What you need to do: Retype exactly what appears below from the line containing "Haus kaufen in" down to the line containing "פינקל Glacier Haven Inn מראה חיצוני תמונה", keeping both end lines. Do not include pictures.

Working data:

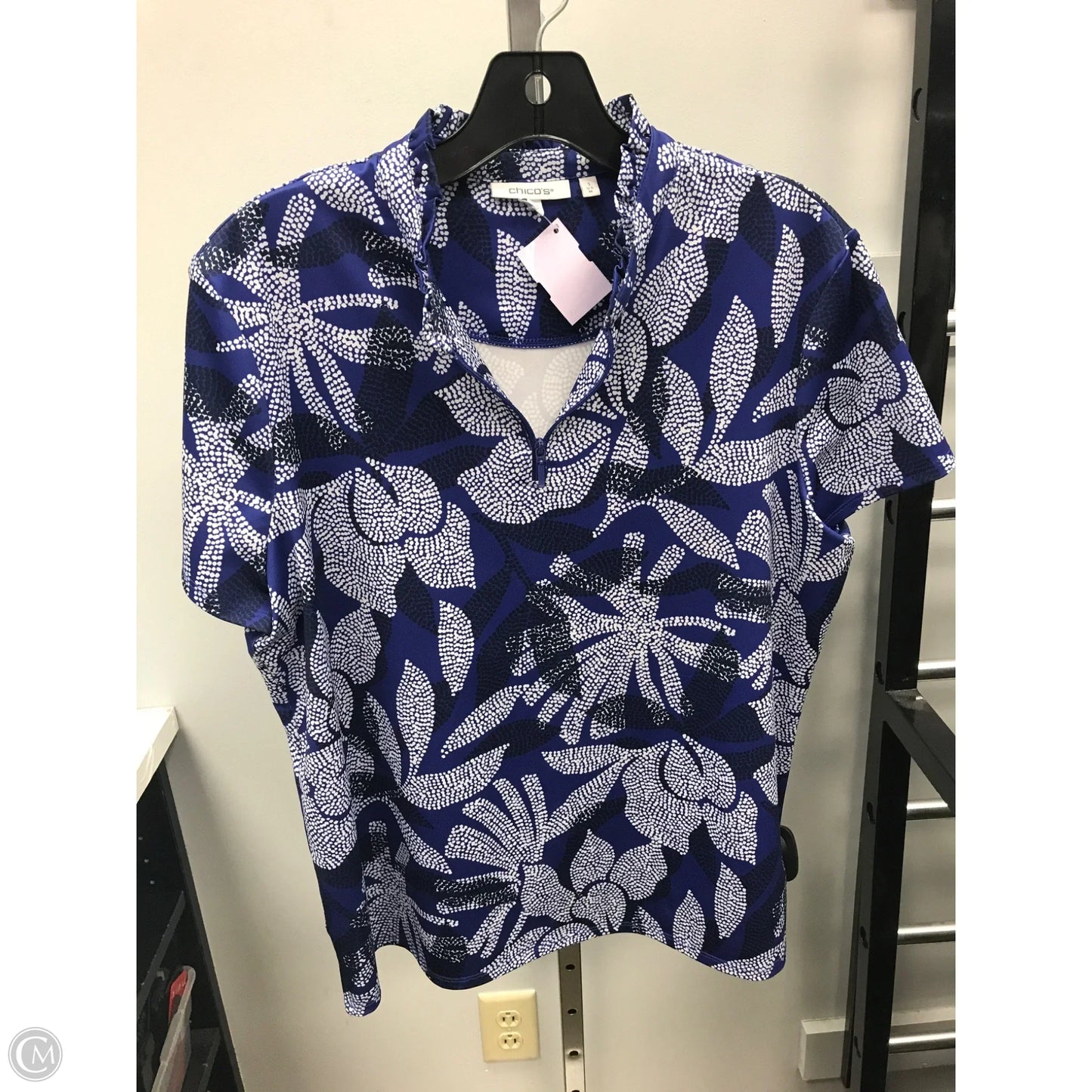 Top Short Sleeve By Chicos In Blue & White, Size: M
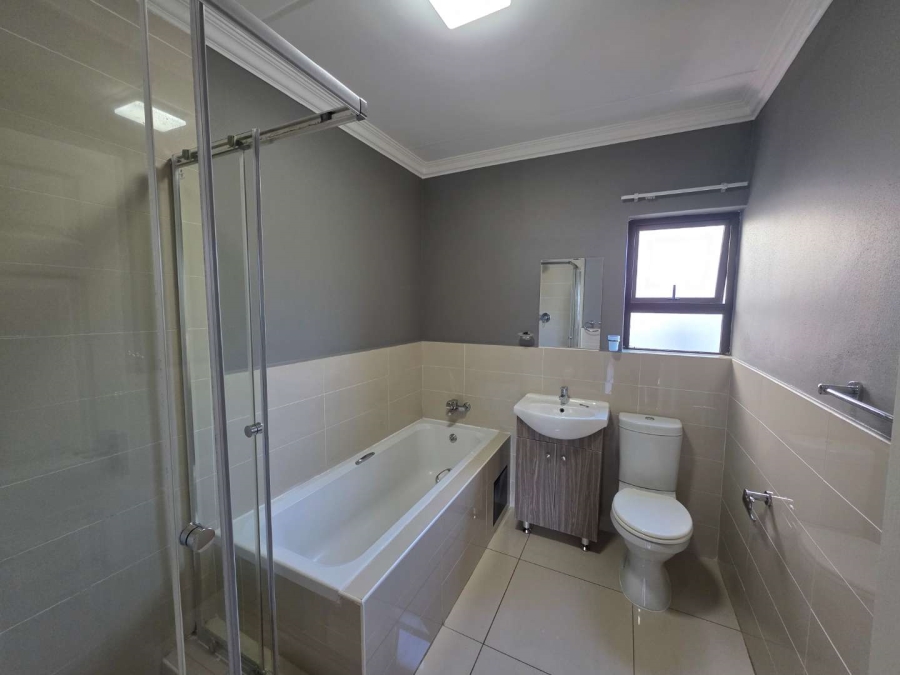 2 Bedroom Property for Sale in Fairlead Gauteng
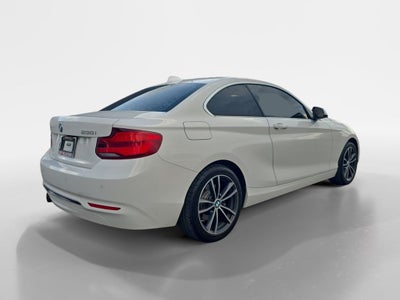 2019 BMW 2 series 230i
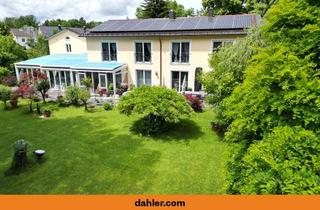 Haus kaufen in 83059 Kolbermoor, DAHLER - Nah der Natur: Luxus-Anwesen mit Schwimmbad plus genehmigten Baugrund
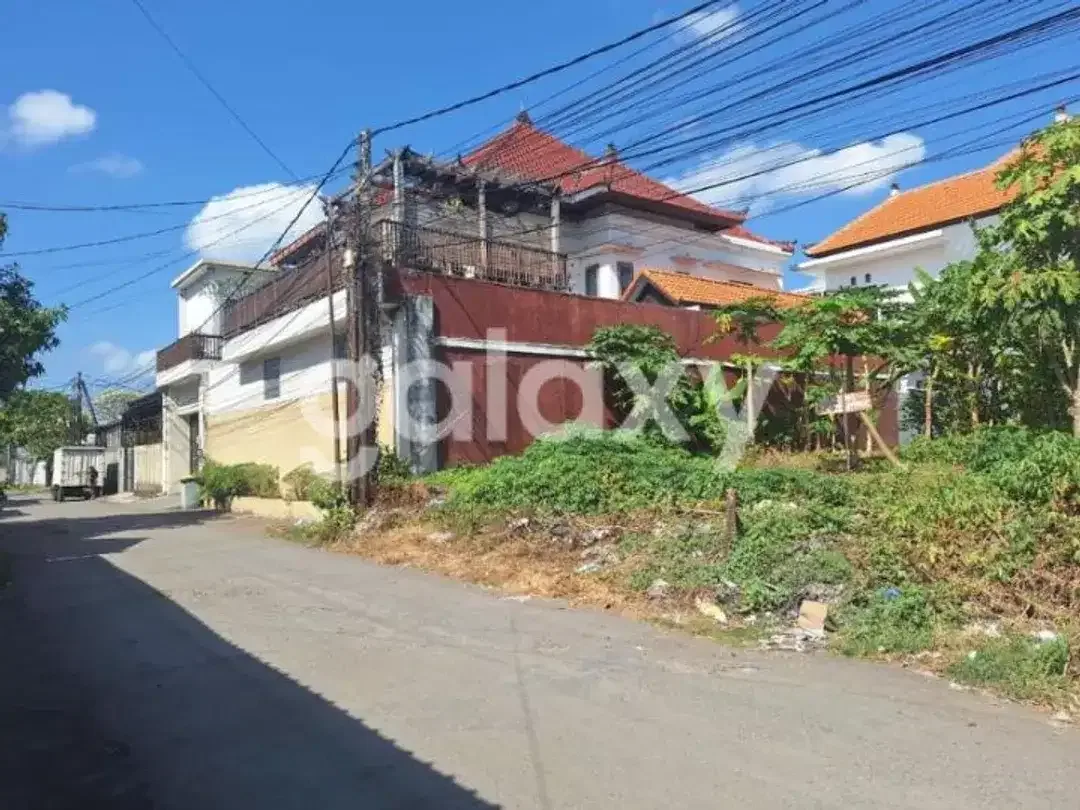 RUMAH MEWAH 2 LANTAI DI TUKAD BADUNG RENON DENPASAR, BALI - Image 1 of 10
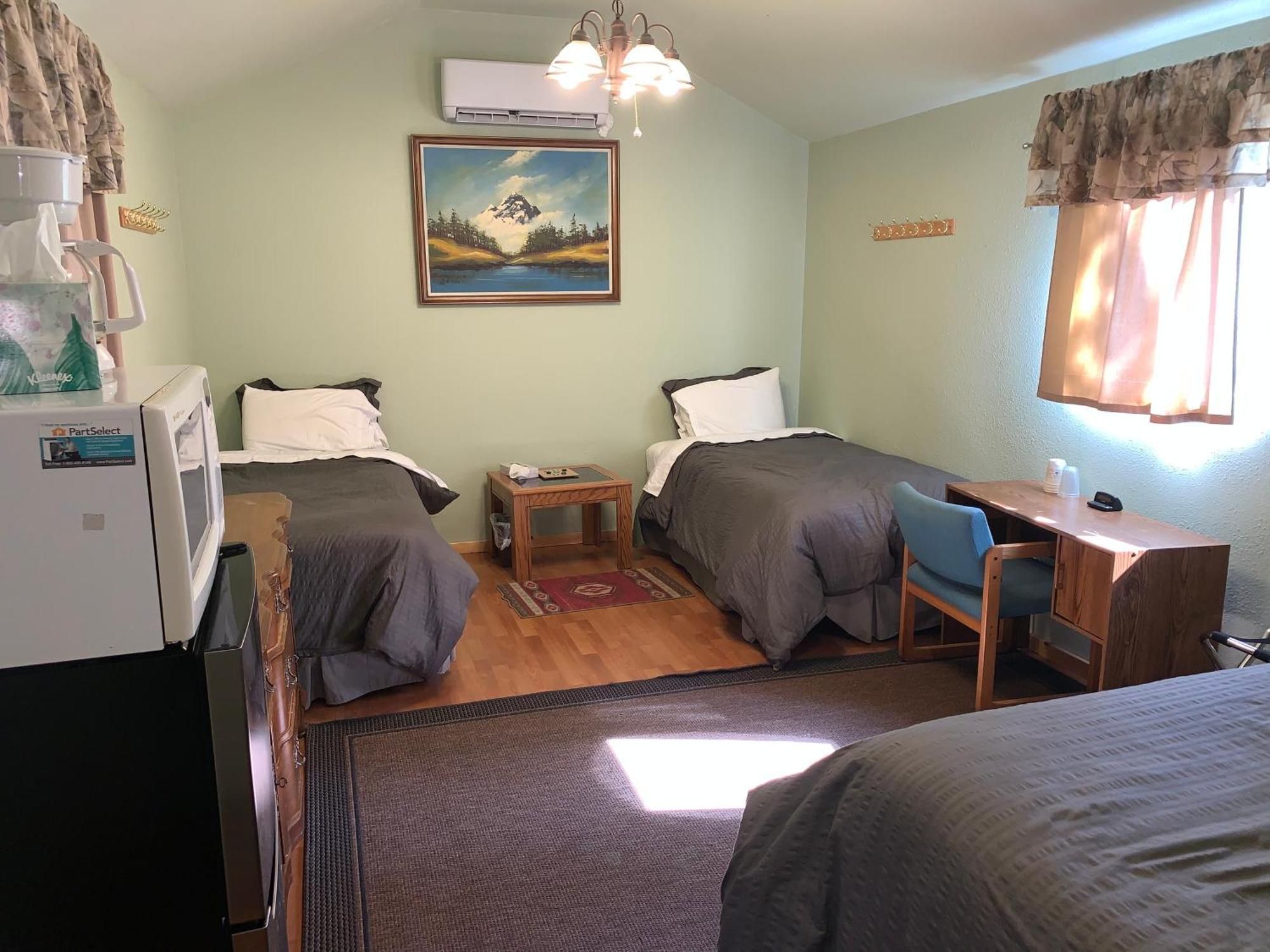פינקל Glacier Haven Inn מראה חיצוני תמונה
==
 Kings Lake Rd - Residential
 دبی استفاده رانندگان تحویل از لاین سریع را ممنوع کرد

Result of the exercise:
 Haus kaufen in 83059 Kolbermoor, DAHLER - Nah der Natur: Luxus-Anwesen mit Schwimmbad plus genehmigten Baugrund
 RUMAH MEWAH 2 LANTAI DI TUKAD BADUNG RENON DENPASAR, BALI - Image 1 of 10
פינקל Glacier Haven Inn מראה חיצוני תמונה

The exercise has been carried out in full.